DG: Alrighty. Well, let’s take a step into looking at Harvey specifically.
DG: But before I do that, why do you think that it should be important to give back to somebody?
RR: Well, you know, in my faith tradition, there is a — there is a saying. It goes to, “Whom much is given, much is required.” And I think any time a collective of [0:14:00] individuals have been on the receiving end — I think there’s responsibility to give back. Now, how that looks I think is very personal. But I do believe there is a reciprocal accountability for those who have benefited at any point in their lives from any aspect of life. There is a responsibility to give back, you know. Whether or not that’s an institutional process — probably more individual and more collective. And that’s what we’ve discovered at Saint John’s. Over these years, it’s been a collective of individuals who have come from different walks of life and different zip codes, different backgrounds and experiences but all have all felt that this is the one thing that we should be doing. And that’s how we show up in that place.
DG: That’s great. That’s great. When you [0:15:00] first — now, discussing Harvey, of course. When you first started to hear the reports of a big hurricane moving through named Harvey, what were your first thoughts and emotions?

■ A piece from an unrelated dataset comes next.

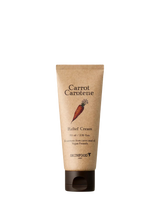 John Lewis Skinfood Carrot Carotene Relief Face Cream, 70ml- Buy online at McGrocer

RR: Well, I developed a great deal of respect for storm systems in Allison that flooded most of downtown and impacted areas around the city in some pretty dramatic ways. I developed even more respect on the — in the advent of Katrina. You know, we’d never seen anything like that before. And subsequently, my respect for storm systems escalated even more. You know, and then there was the Rita scenario [0:16:00] that didn’t happen. But if it had have happened while a million people were on the road, it could have been pretty devastating. And then we experienced Ike that took the roof off of our church building. That devastated quite a bit of property. It was a wind event, and that wind event I saw do damage. So Allison was a water event. Katrina was really a water event of epic proportions. And then Ike was a wind event, so Harvey — I had wind and water respect by the time I heard it was coming our way.
You know, not really knowing what to expect, you know, I remember being at home. My daughter and I — my wife was out of town. Another was away, but one daughter was at home with me [0:17:00]. She’s an adult daughter, so we went to the store. I’ll never forget this. We went to the store, bought some food and supplies. And the sun stayed out a little too long. We ate all the — we ate all of our food, man. By the time the rain started, we were looking at each other like, “Damn. We done ate all of our food, alright?”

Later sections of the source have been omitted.